►
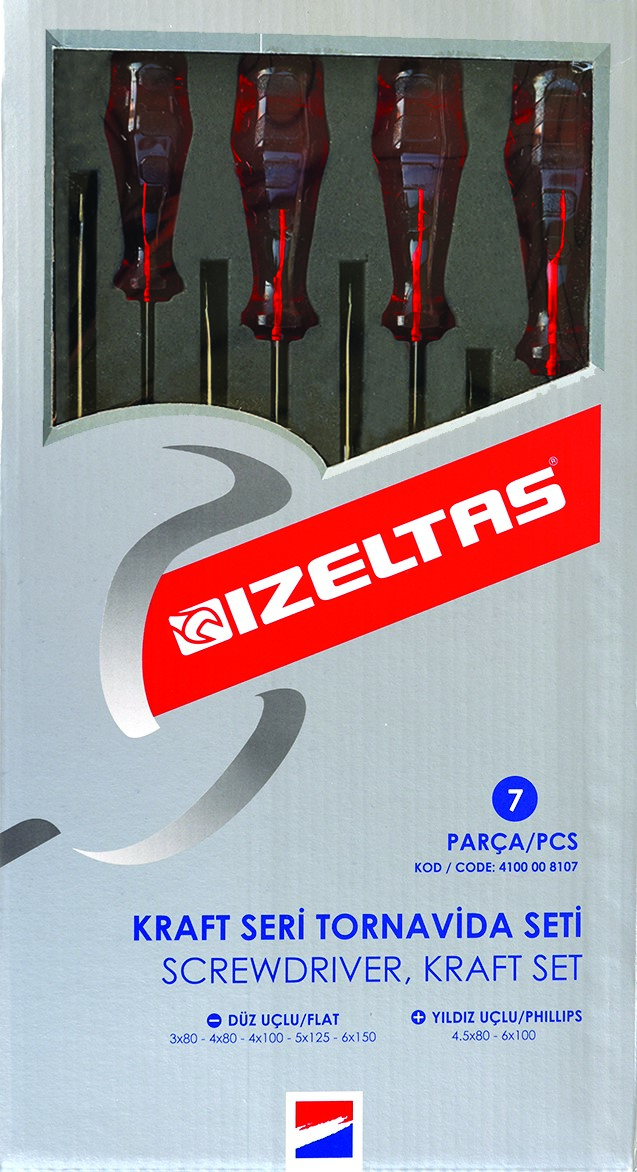 İZELTAŞ 4100008107 7 Parca Kraft Tornavıda Setı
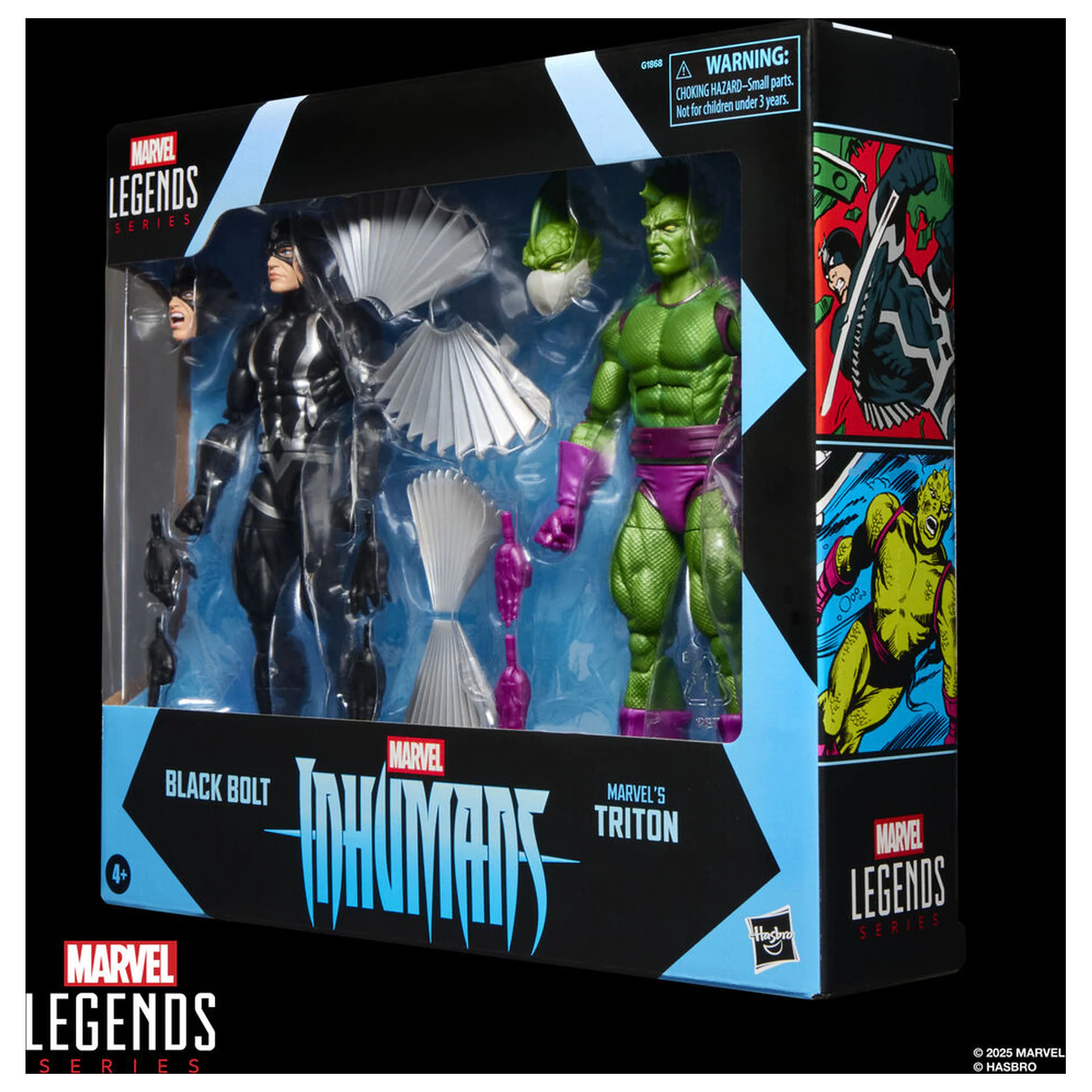Marvel Legends Series Inhumans Black Bolt & Triton 2db-os figura csomag 15cm termékfotó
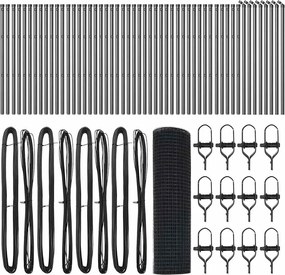 vidaXL Στύλος Περιφράξεων Γκρι 100 x 0,6 μ (12 x 12 χιλ. δίχτυ)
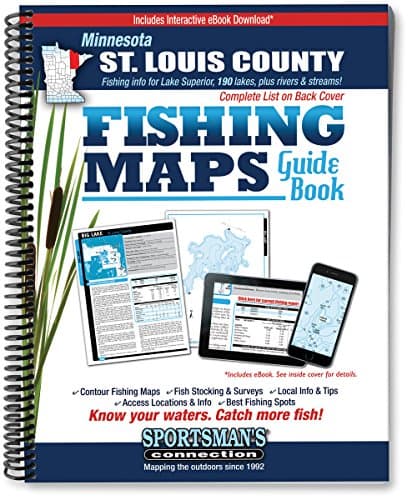 Minnesota St. Louis County Fishing Map Guide (Fishing Maps from Sportsman's Connection)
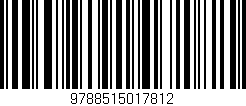 Código de barras (EAN, GTIN, SKU, ISBN): '9788515017812'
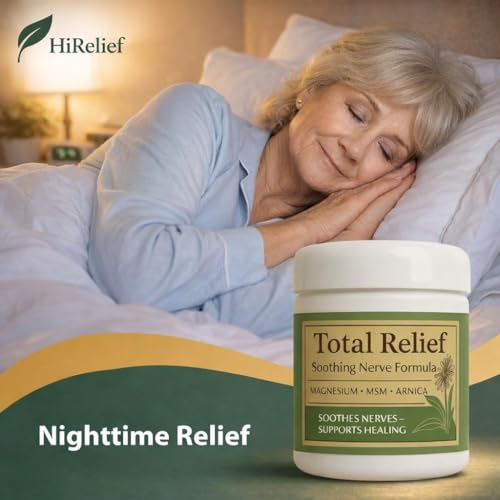 Image of Go well Total Relief Magnesium Cream for Nerves - Fast-Absorbing MSM & Arnica Cream for Healthy, Comfortable Nerves and Daily Comfort (Pack of 2)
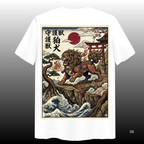 Guardian Beast Oversized T-Shirt – Strength &amp; Protection 🐉🔥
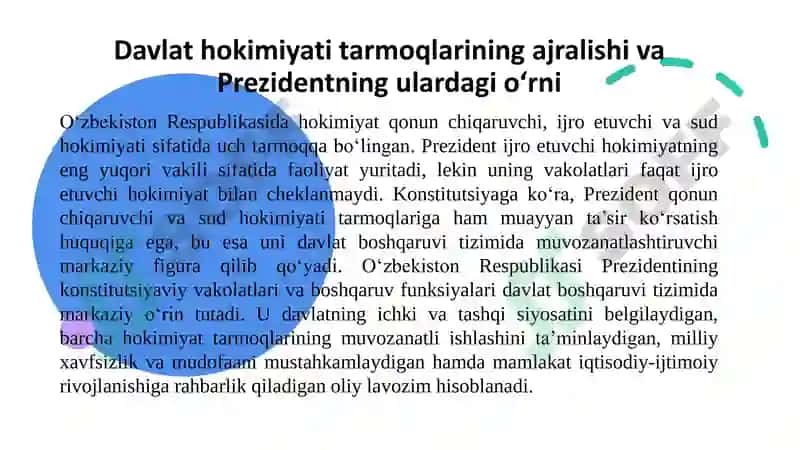 O'zbekiston Respublikasining Prezidenti 7
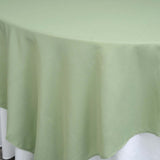 90"x90" Sage Green Square Polyester Table Overlay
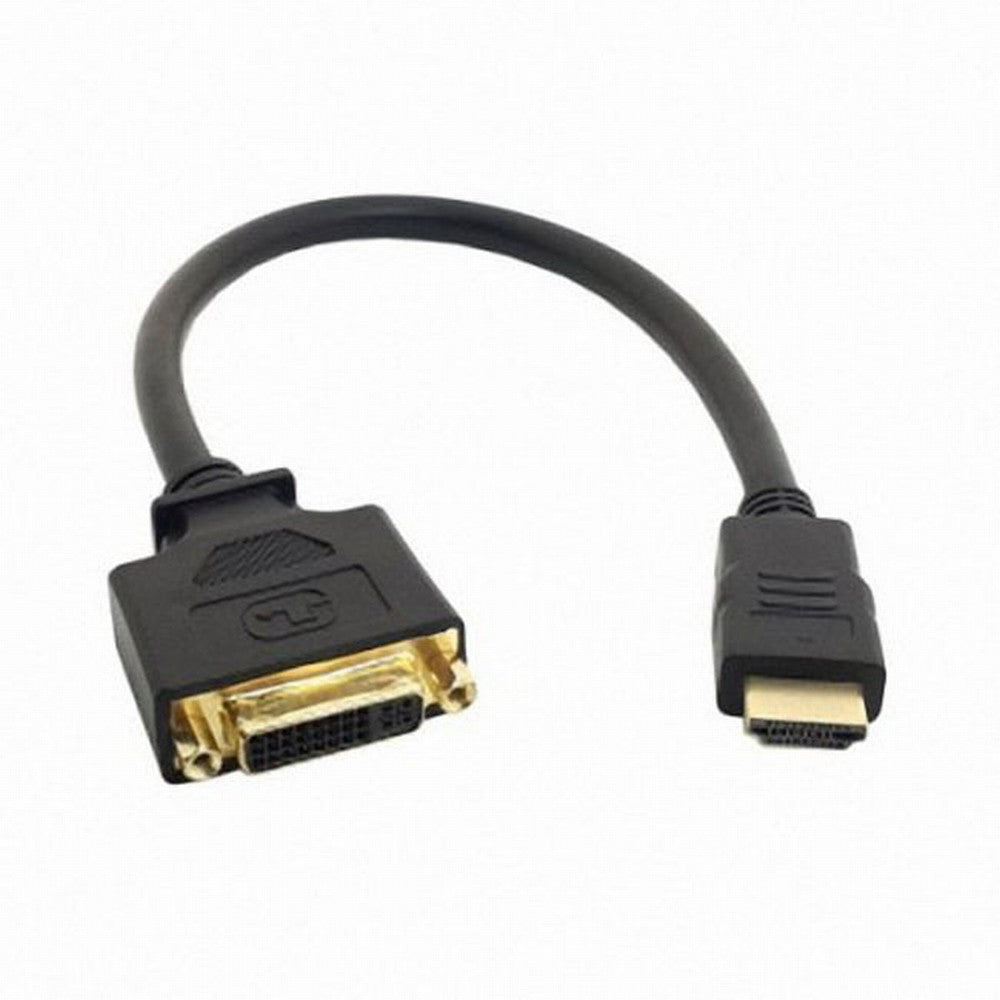 Chenyang DVI Female to HDMI Male Adapter Converter Cable For PC Laptop HDTV 10cm DB-038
◄
◆ ABOUT THIS TASK:
If the data includes images, skip them and copy every line exactly.

◆ YOUR SOLUTION:
 İZELTAŞ 4100008107 7 Parca Kraft Tornavıda Setı
Marvel Legends Series Inhumans Black Bolt & Triton 2db-os figura csomag 15cm termékfotó
 vidaXL Στύλος Περιφράξεων Γκρι 100 x 0,6 μ (12 x 12 χιλ. δίχτυ)
 Minnesota St. Louis County Fishing Map Guide (Fishing Maps from Sportsman's Connection)
 Código de barras (EAN, GTIN, SKU, ISBN): '9788515017812'
 Image of Go well Total Relief Magnesium Cream for Nerves - Fast-Absorbing MSM & Arnica Cream for Healthy, Comfortable Nerves and Daily Comfort (Pack of 2)
 Guardian Beast Oversized T-Shirt – Strength &amp; Protection 🐉🔥
 O'zbekiston Respublikasining Prezidenti 7
 90"x90" Sage Green Square Polyester Table Overlay
 Chenyang DVI Female to HDMI Male Adapter Converter Cable For PC Laptop HDTV 10cm DB-038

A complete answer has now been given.